EVIDENCE OF FAST PEBBLE GROWTH NEAR CONDENSATION FRONTS IN THE HL TAU PROTOPLANETARY DISK

The frost lines of abundant ices have long been thought to be important for planet formation, in part because the extra material provided by condensation can significantly enhance the local mass surface density of solids in the disk (Hayashi 1981; Stevenson & Lunine 1988; Desch 2007). This in turn significantly shortens the timescale needed to form protoplanets in core-accretion models (Pollack et al. 1996). Furthermore, the bulk composition of terrestrial planets and the cores of gas or ice giants is determined by that of the planetesimals from which they are built. Because volatility is highly species specific, it is the condensation fronts of the principal solid-vapor reservoirs in the mid-plane of protoplanetary disks that set the rough boundaries of planetesimals with different compositions (Öberg et al. 2011).
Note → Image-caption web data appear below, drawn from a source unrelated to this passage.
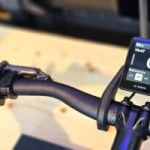 Plus simples, plus ergonomiques : pourquoi les nouveaux écrans Bosch nous plaisent déjà Plus simples, plus ergonomiques : pourquoi les nouveaux écrans Bosch nous plaisent déjà
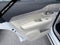 2025 Volvo XC90 B6 AWD Plus 7-Seater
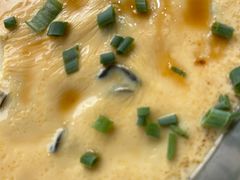 -钱大妈海鲜饭店(保利林语店)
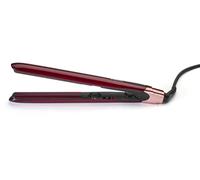 Lisseur Babyliss Inspired ST212PE Rouge Rouge G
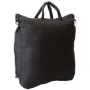 MIL-TEC helmet carrying bag black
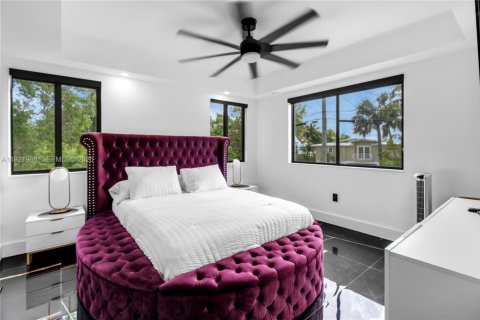 Villa ou maison à vendre à Key Largo, Floride: 5 chambres, 359.35 m2 № 1976441 - photo 26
Recent experiments and numerical simulations of dust coagulation and settling suggest that condensation fronts may play a crucial role in planetesimal formation via two aspects: first, the growth efficiency of dust grains is composition dependent. Lab experiments show that icy aggregates are significantly more "sticky," and resistant to compaction than silicate aggregates (Güttler et al. 2010; Seizinger & Kley 2013; Kelling et al. 2014). The second, perhaps more important, aspect is that the enhanced local surface mass density near snow lines may produce pressure bumps, high dust-to-gas mass ratios, or viscosity gradients, thus triggering instabilities that form planetesimals (Kretke & Lin 2007; Brauer et al. 2008; Ros & Johansen 2013; Bitsch et al. 2014; Dra̧żkowska & Dullemond 2014; Flock et al. 2015).
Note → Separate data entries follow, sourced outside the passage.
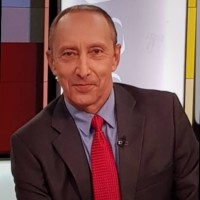 Daniel Seaman Email
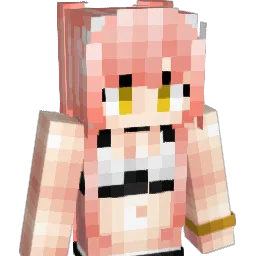 QueenMedb
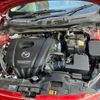 mazda demio 2015 CFJ1566523 image 5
Despite the wealth of theoretical predictions concerning condensation fronts in disks, no direct observations of fast dust growth near such fronts have been carried out. The small angular separation and emitting areas of such zones, even in the nearest protoplanetary disks, make such observations challenging. ALMA, with its unprecedented spatial resolution and sensitivity, is changing this situation dramatically. Young, actively accreting objects are good initial targets because their luminosities and disk temperature profiles move the condensation fronts out to larger, resolvable, distances (Kennedy & Kenyon 2008; Blake & Bergin 2015).

HL Tau, a young star in the Taurus molecular cloud (∼10⁵ years), was recently observed by ALMA at 2.9, 1.3, and 0.87 mm with a spatial resolution as good as 3 AU (ALMA Partnership et al. 2015, APR henceforth). Here we propose that the dark concentric rings observed in the (sub)millimeter interferometry of HL Tau are due to fast pebble growth near condensation fronts. We first characterize the location and width of surface brightness dips in the ALMA images before comparing their location with the expected condensation fronts in the mid-plane of the disk. We then examine the dust properties in the dips to determine if they are consistent with pebble growth.
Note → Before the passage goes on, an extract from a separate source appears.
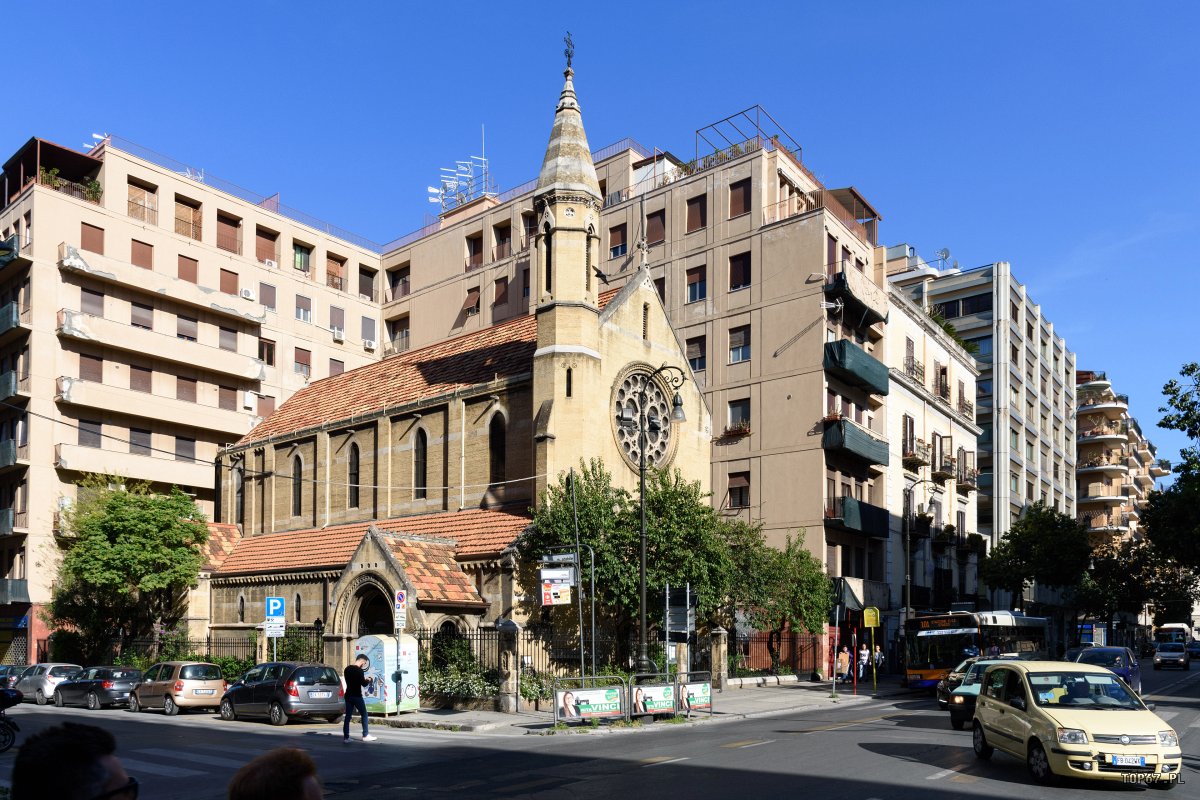 TPC_2511.jpg - Palermo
The ALMA Band 3, 6, and 7 (or wavelengths of 2.9, 1.3, and 0.87 mm, respectively) HL Tau observations were carried out in 2014, as part of its long-baseline commissioning and science verification (SV) program. With longest baselines of 15.2 km, the HL Tau observations achieved exceptional spatial resolution, with beam sizes of 11.9 × 8.6, 4.9 × 3.1, and 4.2 × 2.7 AU at 2.9, 1.3, and 0.87 mm (for an adopted distance of 140 pc). More detailed descriptions of the data and calibration can be found in APR, who demonstrated the HL Tau continuum images are ∼axisymmetric and well fit with a series of elliptic rings. Therefore, a first order approximation of the HL Tau surface brightness is a single parameter function of the distance from the star.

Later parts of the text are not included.